To truly unlock the power of AI, organizations need faster, more flexible access to high-quality data. But slow, restricted data access and centralized data teams often create bottlenecks. Privacy-preserving synthetic data eliminates these barriers, enabling intelligent, on-demand data access. With MOSTLY AI's open-source Synthetic Data SDK, organizations can generate high-fidelity synthetic data directly within their local AWS compute environment, including SageMaker Unified Studio. This empowers teams to democratize analytics, accelerate AI model development, and streamline software testing - without relying on sensitive or restricted datasets.

Getting Started

Getting started is as easy as executing one line of code in your SageMaker notebook:

!pip install -U mostlyai[local]

Once installed, you can launch an SDK instance in local mode:

# 1) Initialize the SDK in local mode  
import pandas as pd
from mostlyai.sdk import MostlyAI
mostly = MostlyAI(local=True)

Then load your original data. In this example we're loading the popular adult census dataset:

# 2) Load your original data
trn_df = pd.read_csv('https://github.com/mostly-ai/public-demo-data/raw/dev/census/census.csv.gz')
trn_df.head()

And train your first synthetic data generator:

# 3) Train a synthetic data generator   
g = mostly.train(name='census', data=trn_df)

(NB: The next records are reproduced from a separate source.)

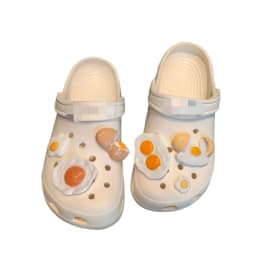 MAX Resign Ice cream poachers eggs burgers model food shoe buckles charms accessories decorations DIY for clog kids unisex gift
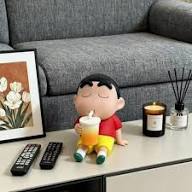 Crayon Shin-chan Tap Head LED Night Light Figure – Rechargeable Warm Light Decorative Lamp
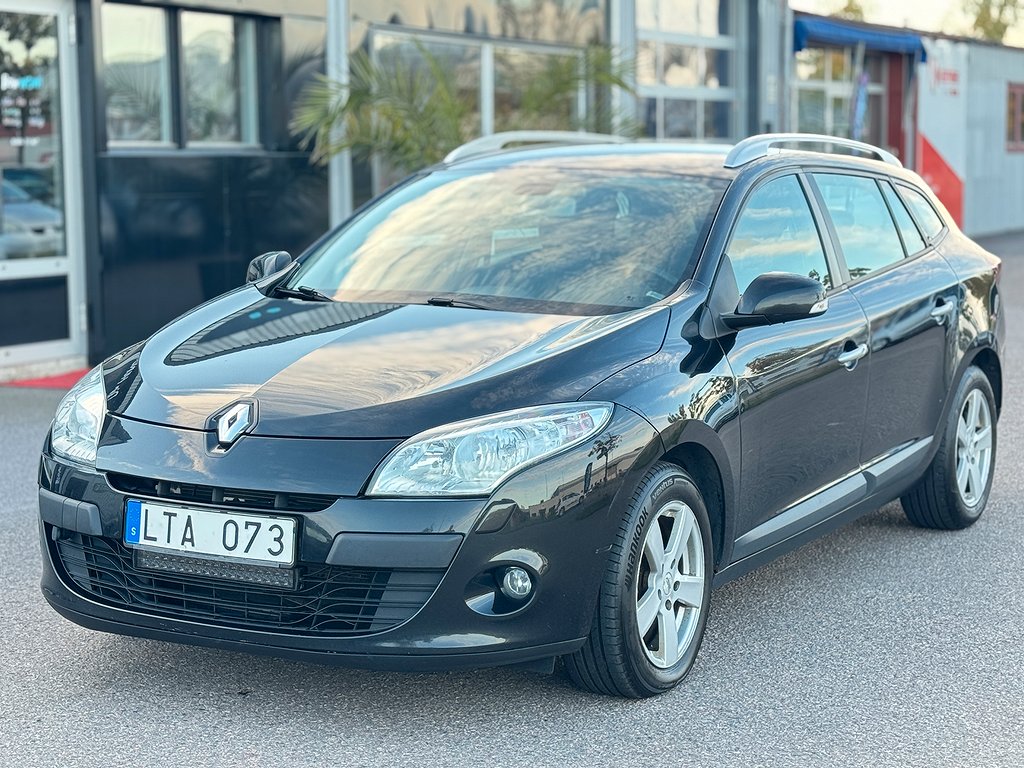 Renault Mégane Grandtour 1.6 110hk Eco2 | Drag | Nybesiktad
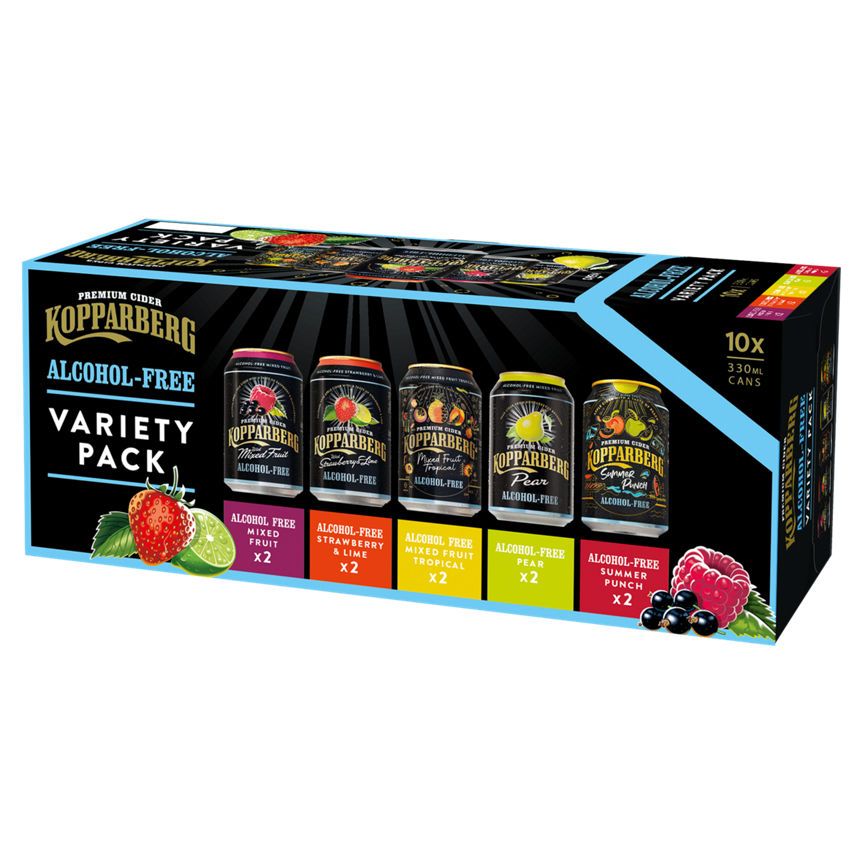 Kopparberg Alcohol-free Variety Pack 10 x 330ml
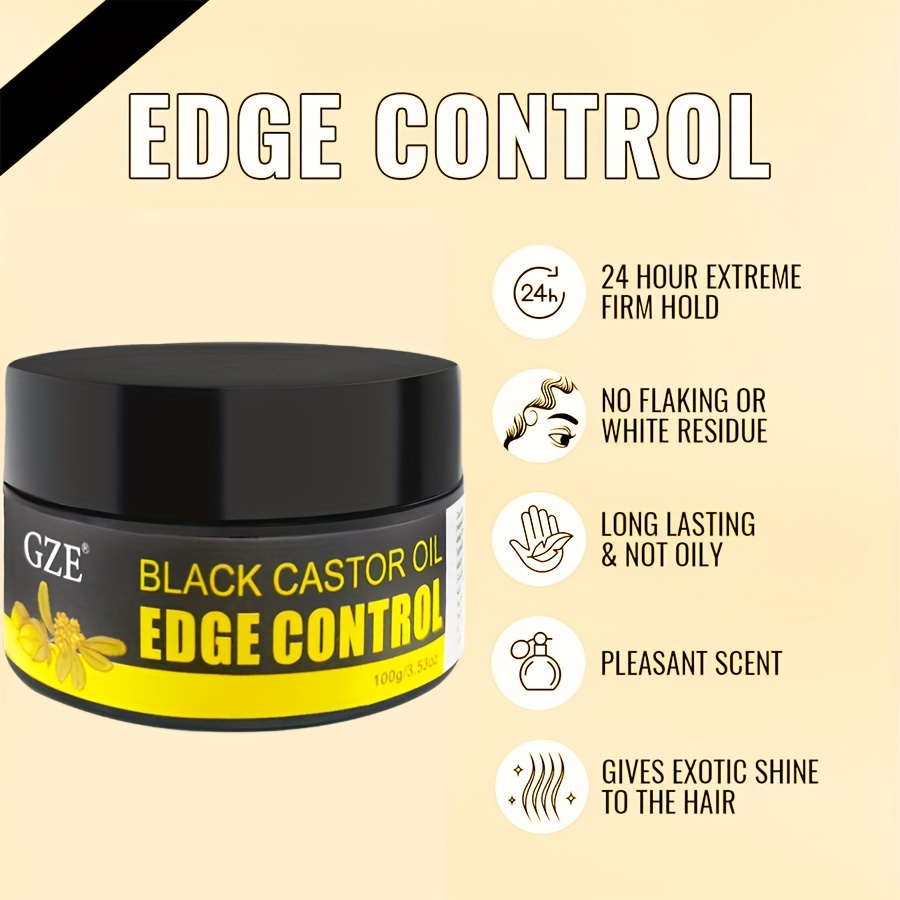 Gze african Black castor Extra - Edge Control Gel บทวิจารณ์และราคา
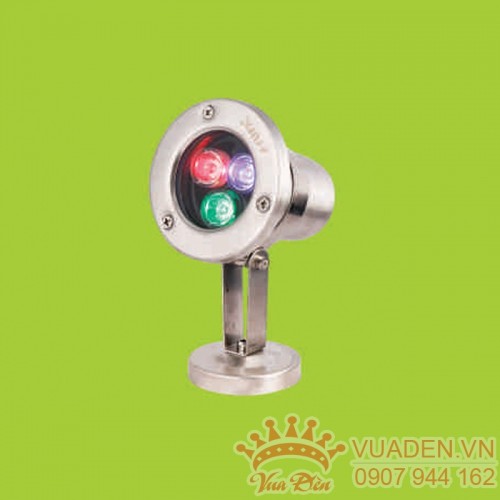 Đèn rọi ngồi âm hồ nước đổi màu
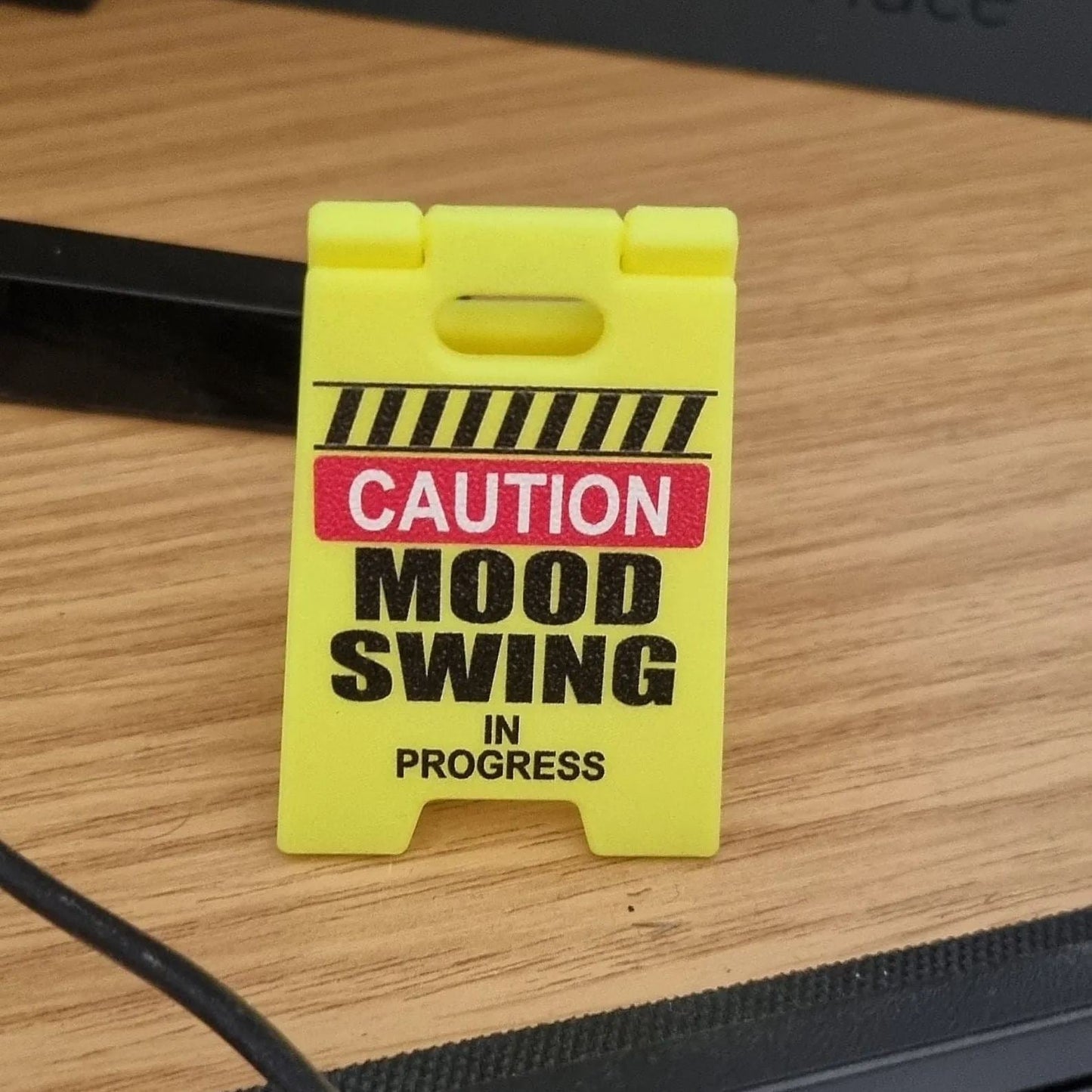 🤣Funny Desk Hazard Caution Sign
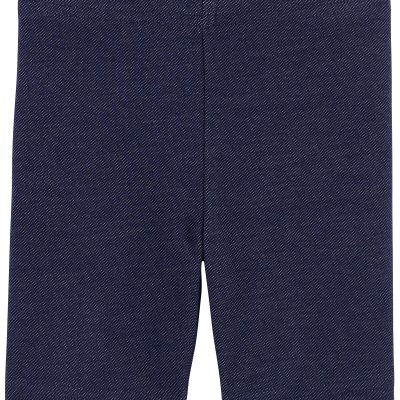 Navy Toddler Faux Denim Bike Shorts | carters.com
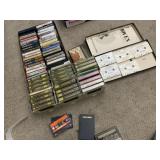 ASSORTED MUSIC CASSETTE TAPES (QTY) IN PLASTIC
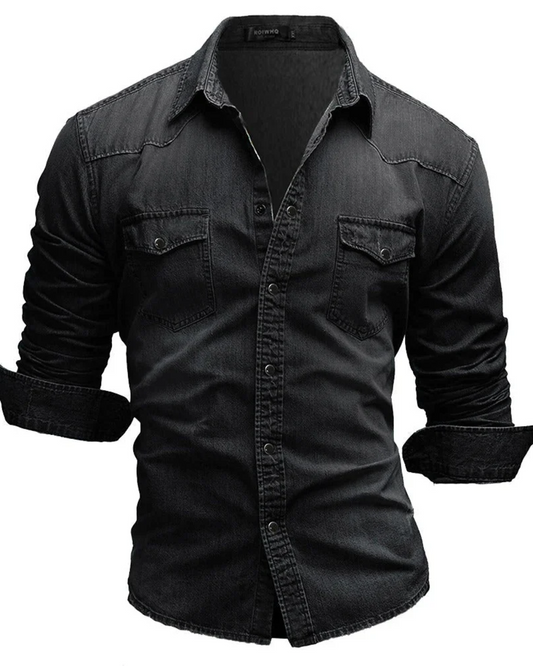 Denim-Hemd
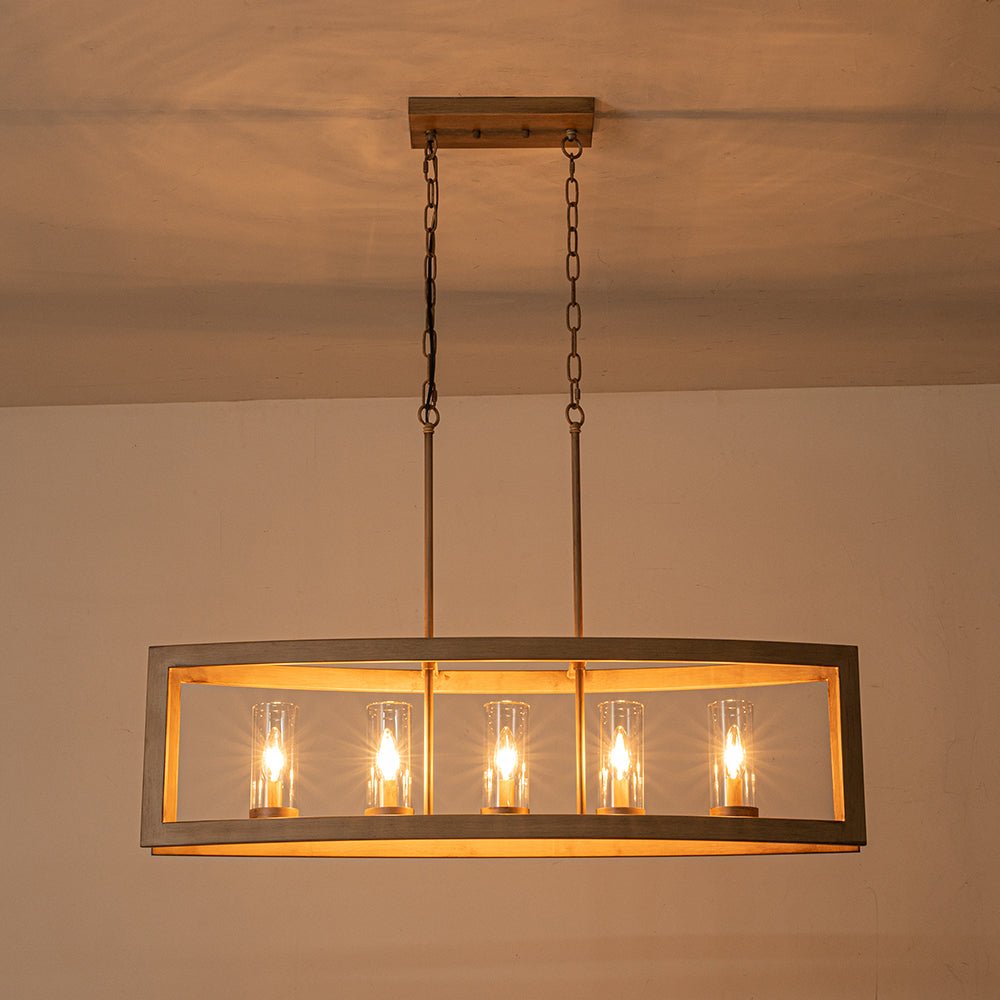 Astala Industrial Metal Chandelier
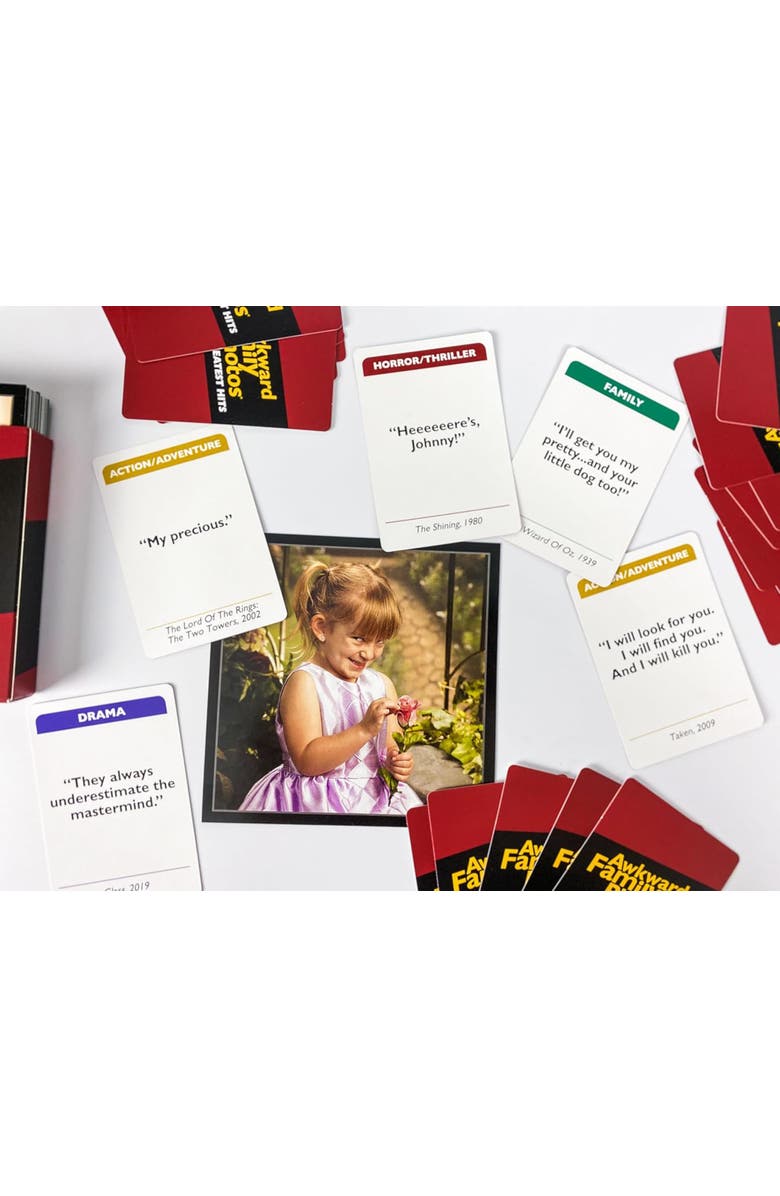 ALL THINGS EQUAL Awkward Family Photos Greatest Hits Card Game, Alternate, color, Multicolored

Now you can live probe your generator on-demand. In this example we'll probe for 10 rows of synthetic census data:

# 4 ) Live probe generator    
df_samples = mostly.probe(g, size=10)
df_samples

And there you have it! High-fidelity privacy-preserving synthetic data generated directly in your SageMaker environment, with just a few lines of code!

Video

Check out this short video where Julio walks through the entire flow:

Conclusion

In one of our our previous blog posts, we demonstrated how to unlock data democratization and accelerate model development on Amazon SageMaker with privacy-preserving synthetic data. Now, with our open-source Synthetic Data SDK, organizations can take an even more frictionless approach to unlocking the power of AI in AWS - without the limitations of real-world data.